Sementara itu, pendapatan dari penerbangan tidak berjadwal mengalami penurunan, tercatat sebesar 24,98 juta dollar AS atau sekitar Rp 412,17 miliar, berbanding dengan 37,96 juta dollar AS atau sekitar Rp 626,34 miliar pada periode yang sama tahun lalu. Namun, pendapatan lain-lain justru menunjukkan peningkatan, mencapai 89,27 juta dollar AS atau sekitar Rp 1,47 triliun, naik dari 81,91 juta dollar AS atau sekitar Rp 1,35 triliun.

Di sisi lain, perbaikan operasional juga tercermin pada sisi beban. Total beban usaha berhasil ditekan menjadi 713,22 juta dollar AS atau sekitar Rp 11,77 triliun, turun dari 718,36 juta dollar AS atau sekitar Rp 11,85 triliun pada kuartal I 2025. Beban operasional penerbangan juga mengalami penurunan menjadi 350,24 juta dollar AS atau sekitar Rp 5,78 triliun, dari 361,96 juta dollar AS atau sekitar Rp 5,97 triliun.

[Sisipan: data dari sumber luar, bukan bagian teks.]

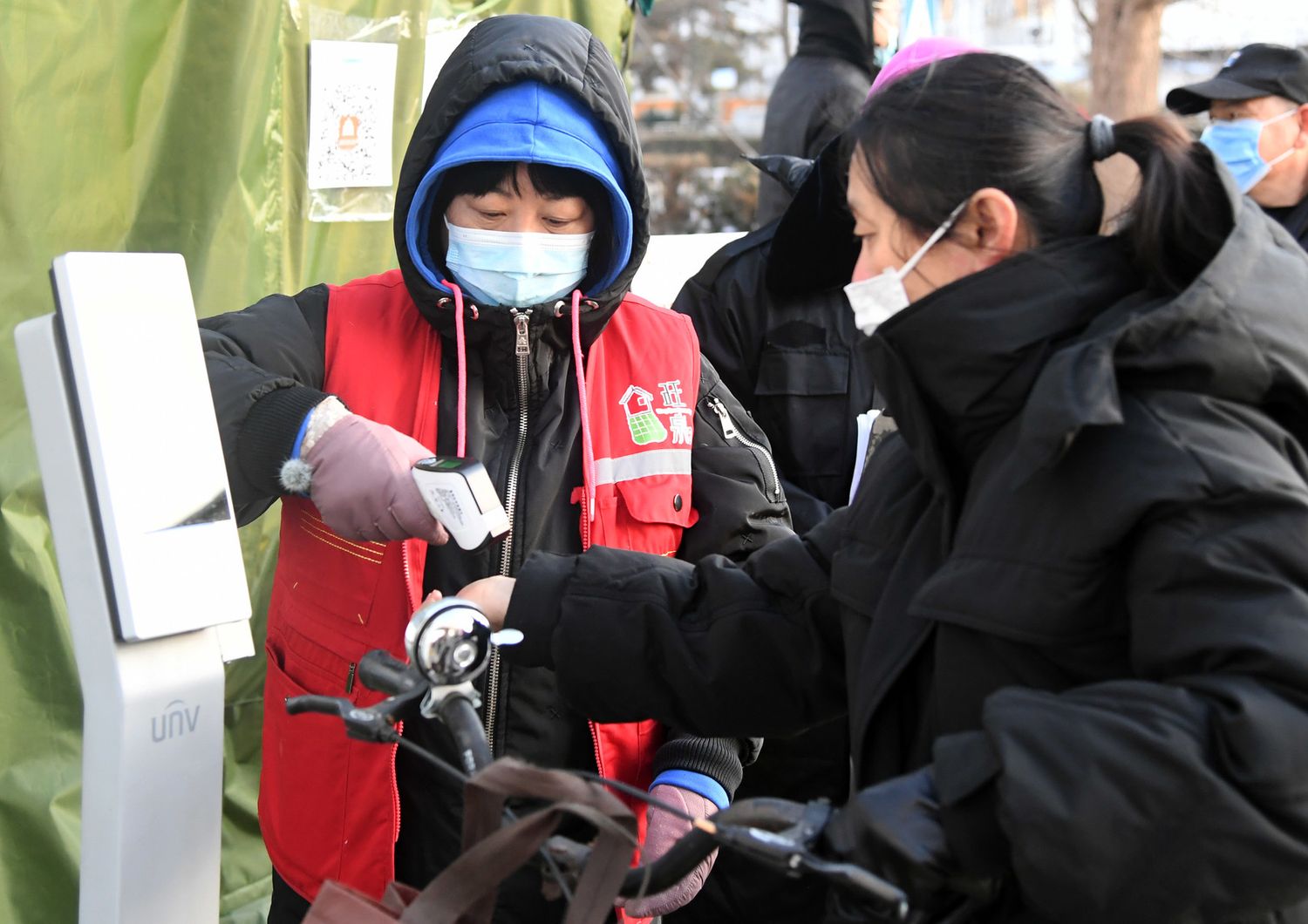 I controlli della temperatura nel&nbsp;distretto nordorientale di Shunyi a Pechino, di nuovo in lockdown per il Covid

Beban umum dan administrasi pun ikut berkurang menjadi 42,01 juta dollar AS atau sekitar Rp 693,17 miliar, dibandingkan 47,81 juta dollar AS atau sekitar Rp 788,87 miliar pada periode sebelumnya. Namun, beberapa pos biaya mengalami kenaikan, seperti beban pemeliharaan dan perbaikan yang meningkat menjadi 159,14 juta dollar AS atau sekitar Rp 2,63 triliun, serta beban tiket, penjualan, dan promosi yang naik menjadi 45,64 juta dollar AS atau sekitar Rp 753,06 miliar.

Advertisement

Penyesuaian biaya ini berdampak positif pada laba operasi, yang meningkat signifikan menjadi 49,13 juta dollar AS atau sekitar Rp 810,65 miliar. Angka ini jauh melampaui laba operasi pada kuartal I 2025 yang hanya sebesar 5,20 juta dollar AS atau sekitar Rp 85,80 miliar.

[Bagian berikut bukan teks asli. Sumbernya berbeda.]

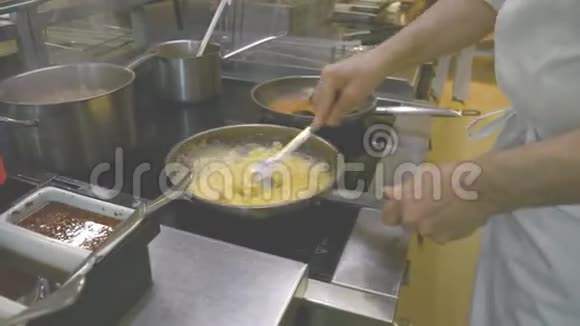 厨师在一家餐馆准备意大利面食视频的预览图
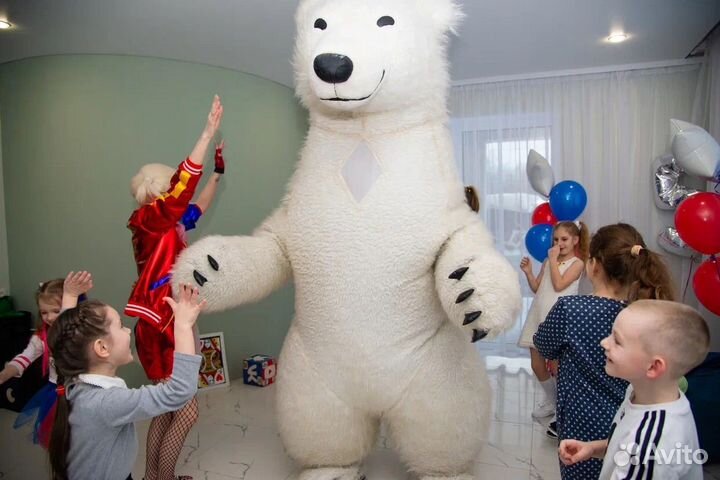 Большой белый мишка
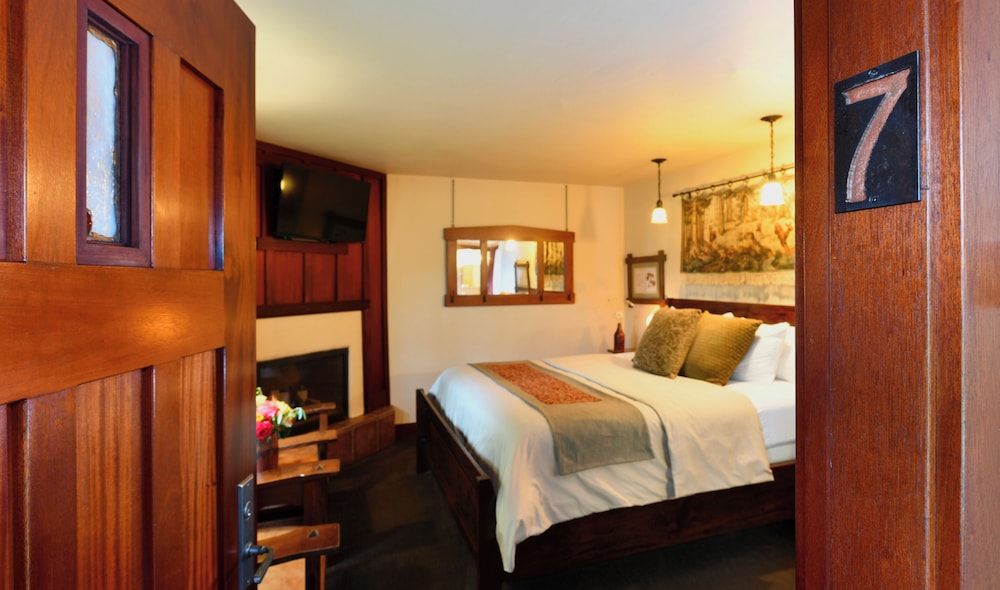 SPA, DELUXE, KING BED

Penurunan Beban Keuangan dan Kerugian

Selain perbaikan operasional, beban keuangan juga berhasil diturunkan menjadi 104,00 juta dollar AS atau sekitar Rp 1,72 triliun, dari 124,57 juta dollar AS atau sekitar Rp 2,06 triliun. Meskipun demikian, perseroan masih mencatat rugi periode berjalan sebesar 41,62 juta dollar AS atau sekitar Rp 686,73 miliar.

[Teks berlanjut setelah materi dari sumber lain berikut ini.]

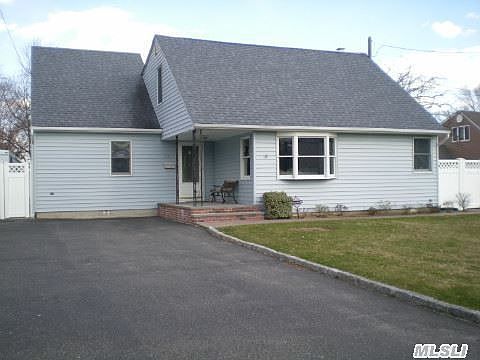 1st image of 331 Higbie Ln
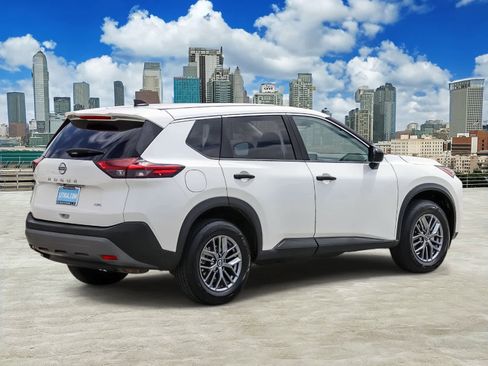 Used 2023 Nissan Rogue S AWD/4WD image 4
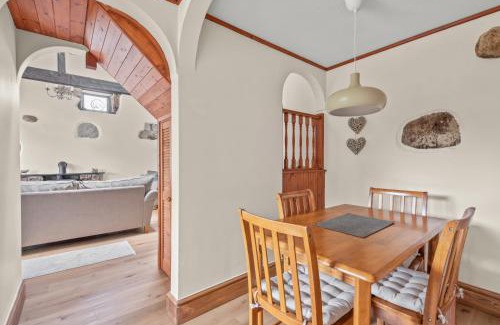 St. Neot House | The Dairy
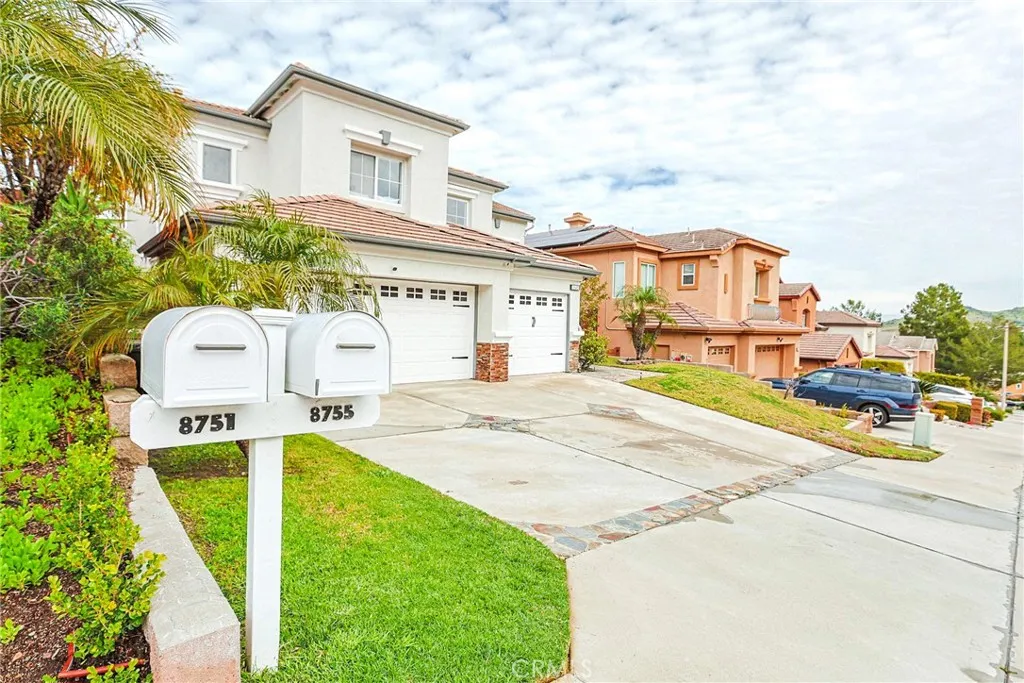8755 E Garden View, Anaheim, California 92808 home-pic-1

Namun, angka kerugian ini menunjukkan perbaikan dibandingkan rugi yang tercatat pada kuartal I 2025, yaitu sebesar 75,93 juta dollar AS atau sekitar Rp 1,25 triliun.

Posisi Aset dan Likuiditas

Dari sisi neraca, total aset Garuda per 31 Maret 2026 tercatat sebesar 7.506,78 juta dollar AS atau sekitar Rp 123,86 triliun. Angka ini menunjukkan peningkatan dibandingkan total aset pada akhir 2025 yang sebesar 7.431,60 juta dollar AS atau sekitar Rp 122,62 triliun.

Aset lancar pun mengalami peningkatan menjadi 1.510,87 juta dollar AS atau sekitar Rp 24,93 triliun, dari 1.418,27 juta dollar AS atau sekitar Rp 23,40 triliun. Sementara itu, aset tidak lancar mengalami sedikit penurunan menjadi 5.995,91 juta dollar AS atau sekitar Rp 98,93 triliun.

Posisi kas dan setara kas tercatat sebesar 857,50 juta dollar AS atau sekitar Rp 14,15 triliun, mengalami penurunan dari 943,40 juta dollar AS atau sekitar Rp 15,57 triliun pada akhir 2025. Pada sisi ekuitas, Garuda mencatat posisi sebesar 68,25 juta dollar AS atau sekitar Rp 1,13 triliun per 31 Maret 2026.